I had one of those moments this morning. Some call it an AH-HA! moment, I call it a well would you just fucking look at that moment.
Whatever you call it, it has this universal ability to drop out of nowhere, easy as you please, as if it has been the most obvious thing in the world.
My moment this morning was worry is not required.
All my life I believed if I did not worry about something, I didn’t care about it. And not caring about it is irresponsible. And irresponsibility is a grave sin that will cause all things to fail dramatically.
Like if I didn’t worry hard enough, I wasn’t even trying to solve the problem.
Naturally, I wanted to solve my problems so I learned to worry really well, all the time. If there were an Adulting Olympics, worry would surely be an event, and I would definitely win a gold medal. And, like any gold medalist, you have to have a solo focus, a mindset that you will do the thing the best — better than all the rest — and use that mindset and focus to develop supportive habits.

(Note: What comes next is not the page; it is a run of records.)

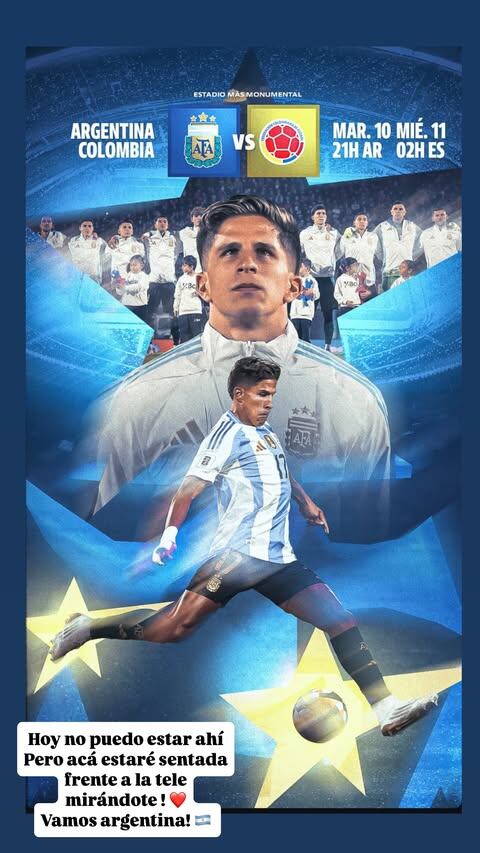 La imagen compartida por Carolina Baldini, quien no pudo asistir al estadio a ver a su hijo (Instagram)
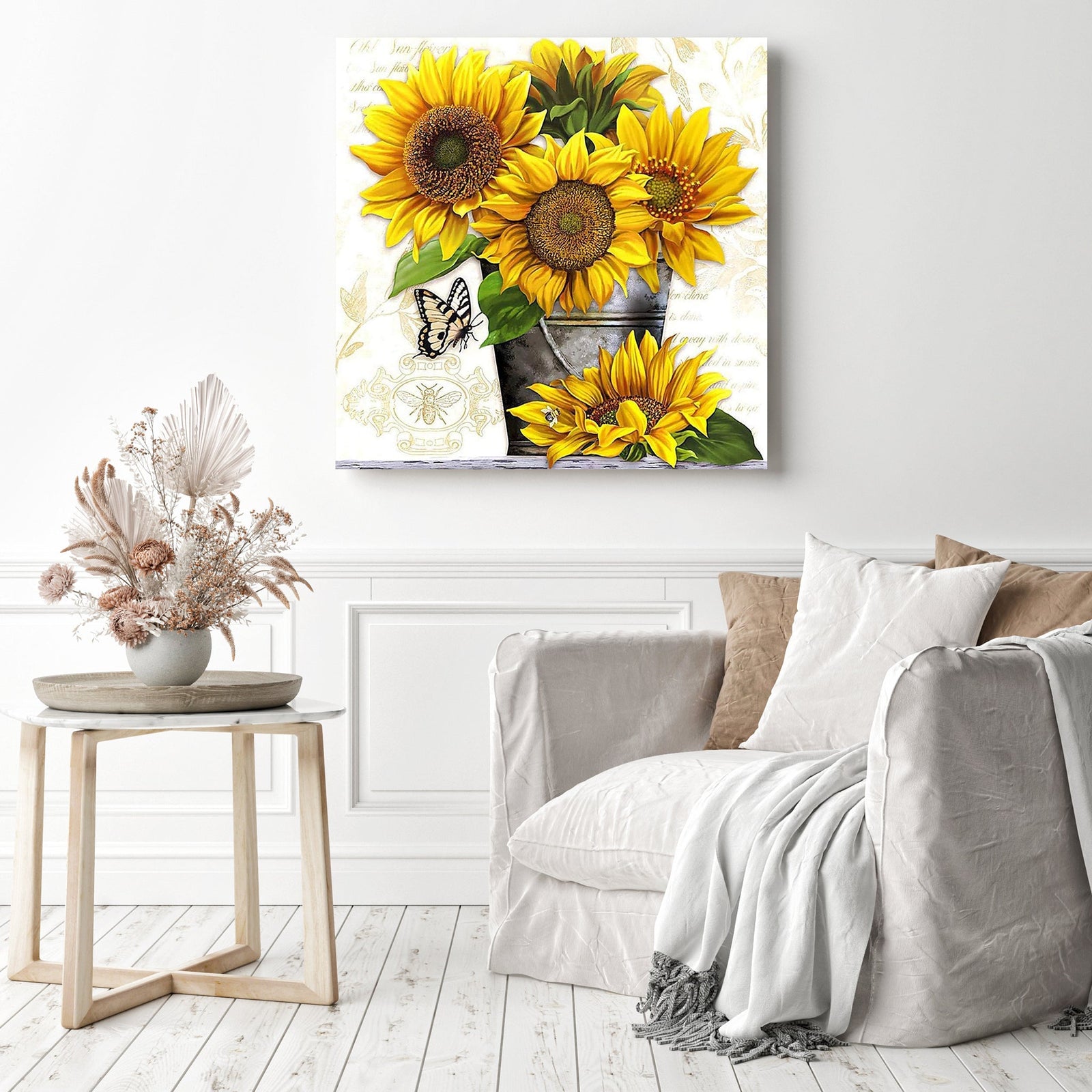 Yellow Sunflowers | Diamond Painting Displayed as Home Decor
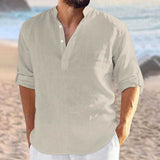 Mens Casual Cotton Linen Turn-down Collar Single Breasted Shirt 3/4 Sleeve Loose Blouse Button V Neck Shirts Tops Clothing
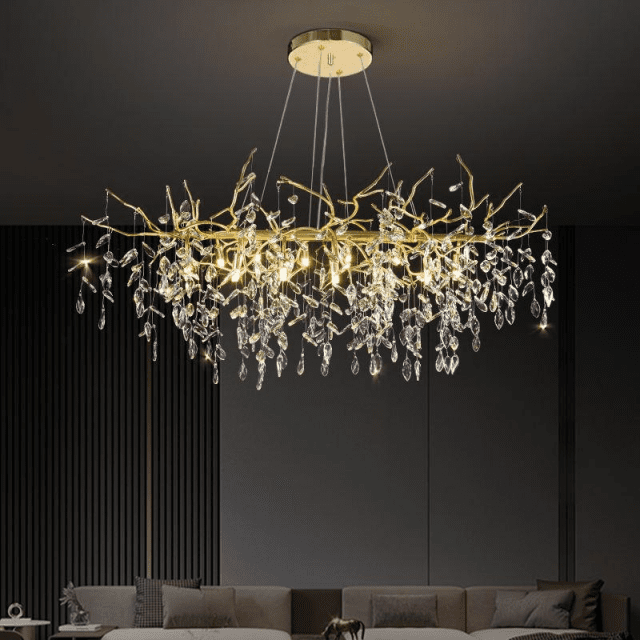 Luxury Gold Crystal Branch Chandelier for Elegant Lighting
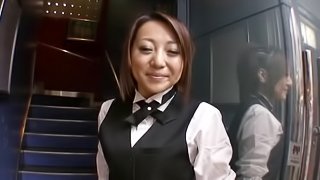 Sexy bartender fucks a customer and takes his nut on her ass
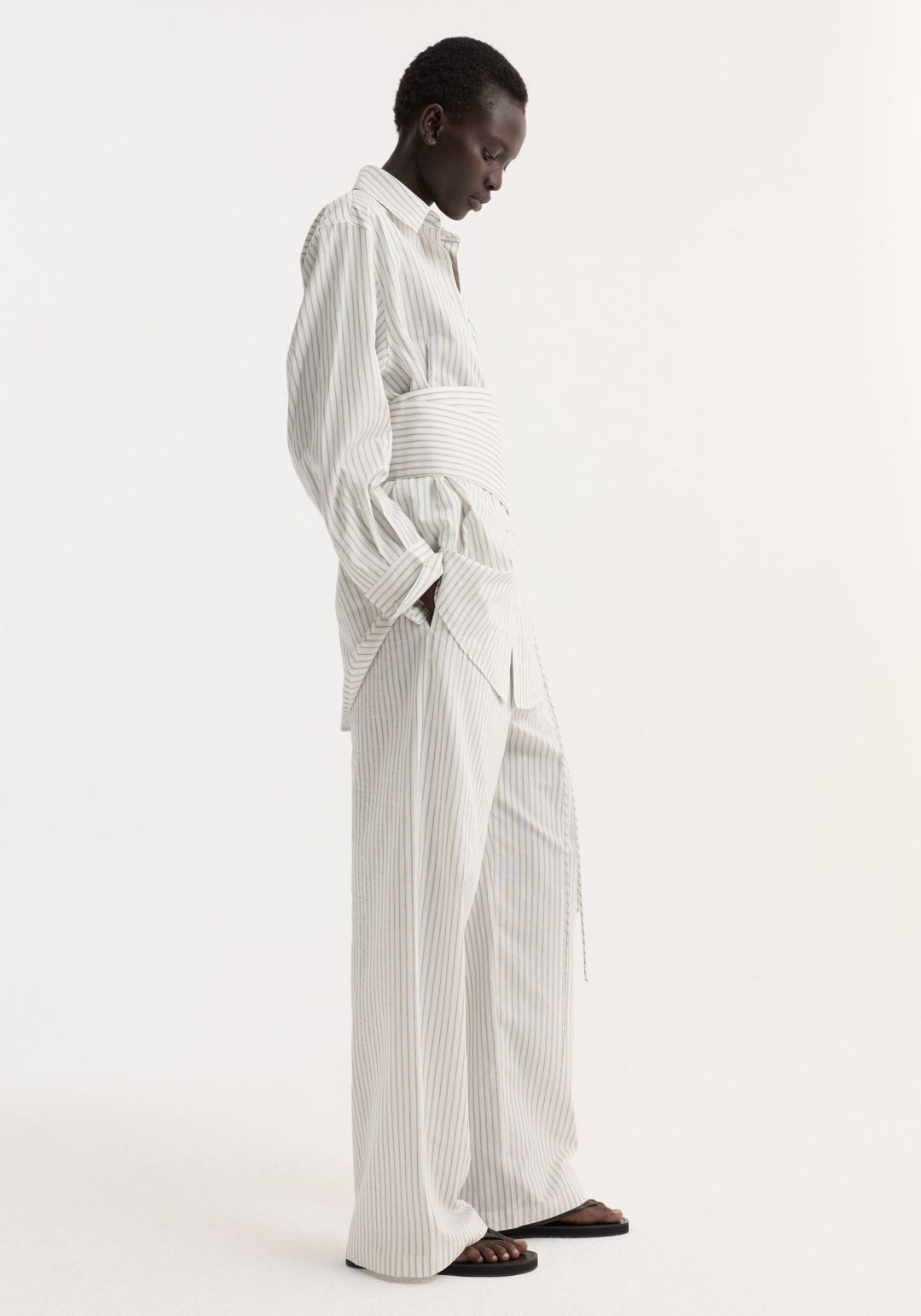 Silk stripe belted shirt | fine stripe #5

I had the focus, mindset, and habits all right. I was determined to crush those problems with all my worry. I’ll show you, problem, I’ll fucking worry you to death. I won’t look away, I won’t rest until I have vanquished the enemy with the power of my worry!
I was a goddam WORRY WARRIOR.
I think you all know how this story goes. It didn’t work. My problems came and went without any care for how hard I worried. Those fucking problems didn’t even give me a second look to see how dedicated I was. Rude.
So this morning I decided to drop the habit of worrying. It wasn’t helping, it wasn’t making anything better or easier. In fact, it made everything worse. I was so focused on being worried enough I couldn’t hear my intuition, I couldn’t see opportunities, I couldn’t feel my inherent worth.
All of this is exhausting and I believed that my problems were exhausting when it was really the worry that was stealing all of my energy. The energy I needed to solve my problems. Fuckn’ A.